Every city has that one ride that is the crazy all out sprint for the roses and kisses. In Auburn it is the Wednesday Night Worlds. When I was in Los Angeles it was the Pier ride, in San Antonio it was the Helotes Loop, in Omaha it was the Wednesday night Train Track ride, and in Montgomery it was the Thursday night Emerald Mountain ride.

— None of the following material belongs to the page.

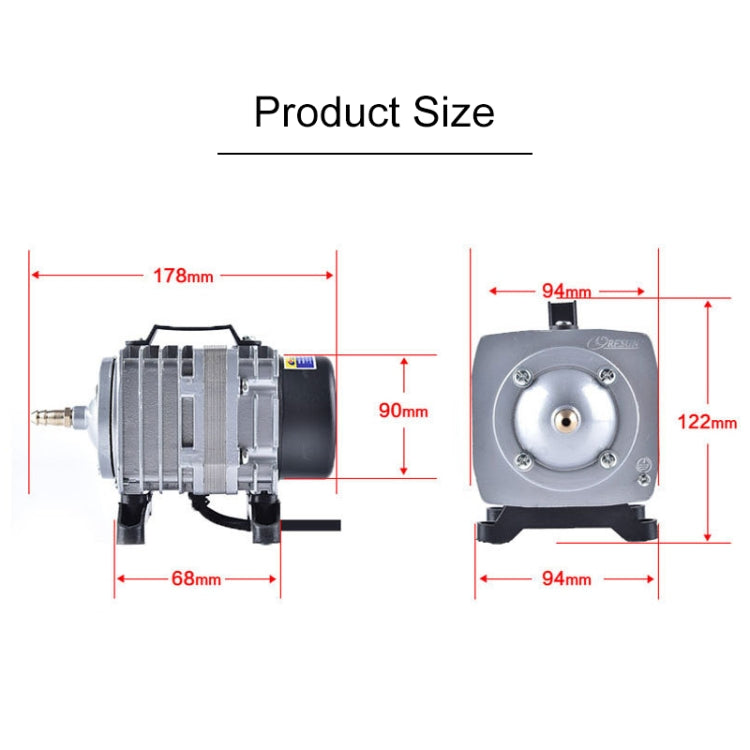 ACO-003 35W 65L/Min Pompa d'Aria Elettromagnetica Compressore per Frutti di Mare Acquario Aumenta il Divisore del Flusso d'Aria di Ossigeno, Spina USA, ACO-003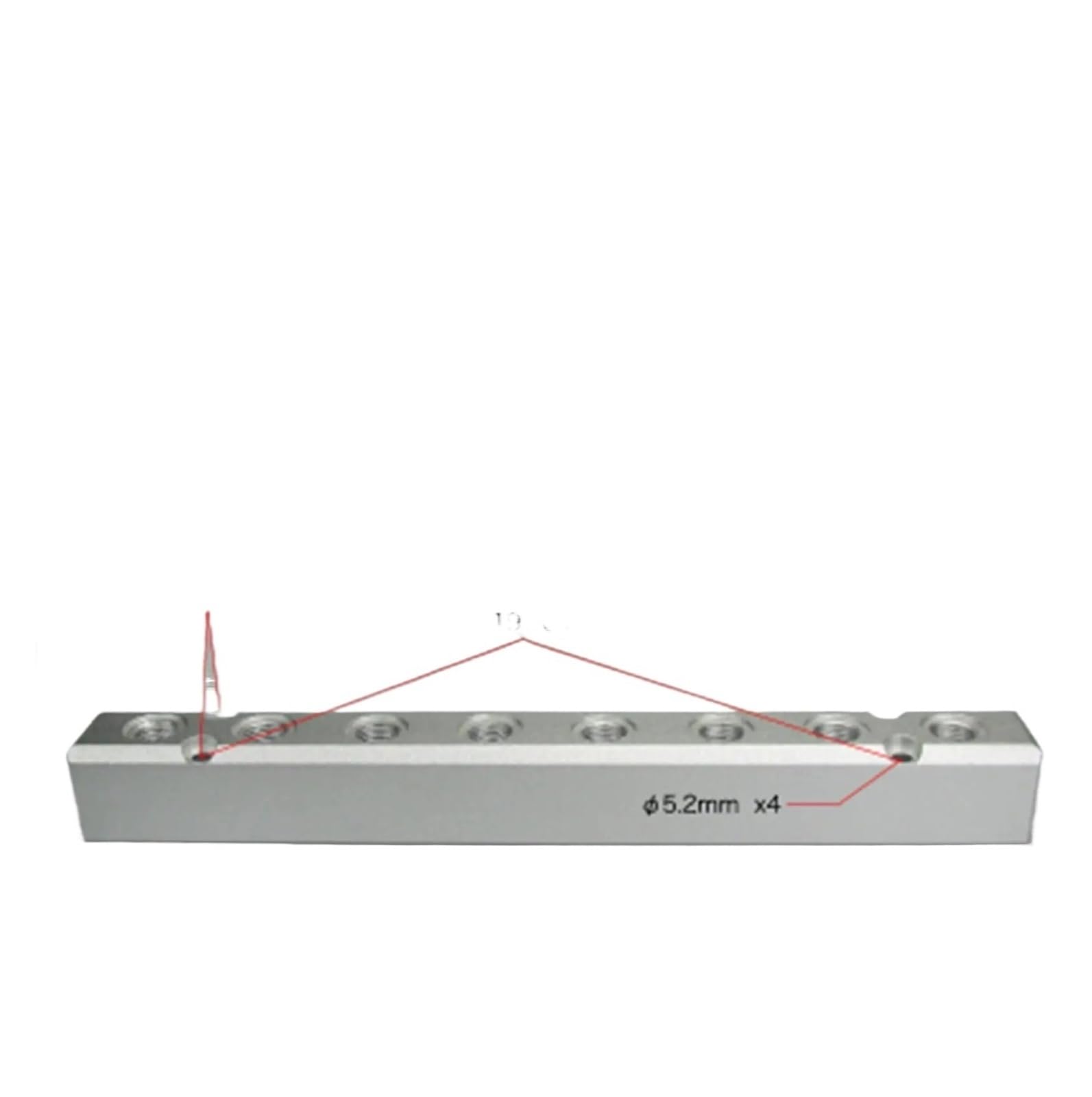 AARTERZZA G1/2" in G1/4" Out 8 Way 10 Ports 30x30mm Pneumatic Aluminum Manifold Block Splitter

Out in LA they meet at the piers. When I got to LA I went to Helen’s Cycles and asked where the club rides met. The guys told me, “The pro-1-2s meet at pier X, the 3s meet at Y and the 4s at Z.” So I showed up at X, hey I wanted to go to nationals that year, why would I ride with the 3s? There were maybe 25 of us and we headed down the beach bike path, at each intersection we would pick up a different group. By the time we made it to the city streets there had to be 150 riders in the peloton. It was so big that when the front half made it through the light the rest of the peloton made it too, even if by that time the light was red. I was working in the front and when it was my turn to pull I looked at the guy behind me and said, “I don’t know where I’m going.” He replied, “Don’t worry I’ll tell you where to turn.” About that time I got in behind some little red hatchback, must have been a Yugo, there were 150 riders behind me and I was drafting that Yugo at 30mph praying he didn’t put on his breaks. I stayed with that little Yugo until I pulled off the front.
The LA ride ends in a sprint somewhere over by the airport and it was crazy fast. There were about 10 of us contesting the sprint, guys would pull and when they were done would immediately get shelled, and it was my turn to pull again. So I gave it everything I had and all of a sudden it was like I had on the breaks. Guys were coming around me left and right. Somebody won the sprint and I asked, “What were we sprinting for?” One of the riders replied, “The fire hydrant.” I should have known.
That was Tuesday morning and Wednesday night I went to Burger King and got a Whopper meal. Thursday morning I showed up at the pier and the guys were nice to me this time around, because now they knew I could ride. That morning I had a burger pit in my stomach, I was wishing I would just throw up my dinner from last night so I could ride. I don’t even think I made a pull that morning and I remember that suffering to this day.
Well I had purposely made my plane reservations out of LA for late Saturday so I could do the Saturday ride. It did not disappoint. I believe it’s called the Doughnut ride. Anyway I was careful what I ate the rest of the week because I wanted to redeem myself for my Thursday morning performance. The ride got started and the engines moved to the front so I went with them. Some pro rider had shown up and launched himself off the front, and I grabbed his wheel, just the two of us swapping pulls. At some point we hit a stop light red and he started doing a track stand. Dummy me, I decided I would too, even in my hypoxic state. Of course you can see where this is headed, I fell over and he rode off and left me. Because I had no idea where I was I had to wait for the chase group in order to find my way back to the car. My pride was hurt more than my skinned knee.
I also have a good story about my first Helotes ride in San Antonio. The Tuesday night Helotes ride is for the racers. It’s a crazy, all out hammer fest. I was told about this ride from the guys in one of the local shops, but they told me it was 50 miles. I decided it had my name on it, but when I showed up there was the Pacificare RAAM team. I had no idea what I was getting myself into. They leave right at 6:00pm on the clock and it was all out from the start. I remember doing 30mph and loosing ground on the guys in the front. I got to thinking 50 miles of this is crazy, I better find a pack. So I got into the second group which was a bunch of special forces pararescue guys I had gotten to know. When we got back to Helotes it was only 30 miles and I was pissed. The guys couldn’t understand why until I told them I thought the ride was 50 miles, not 30. They all laughed at me and one guy said, “First time huh. Did they tell you about it at the shop?” It seems the shop makes that ride sound harder than it is to deter people they are not sure should be there.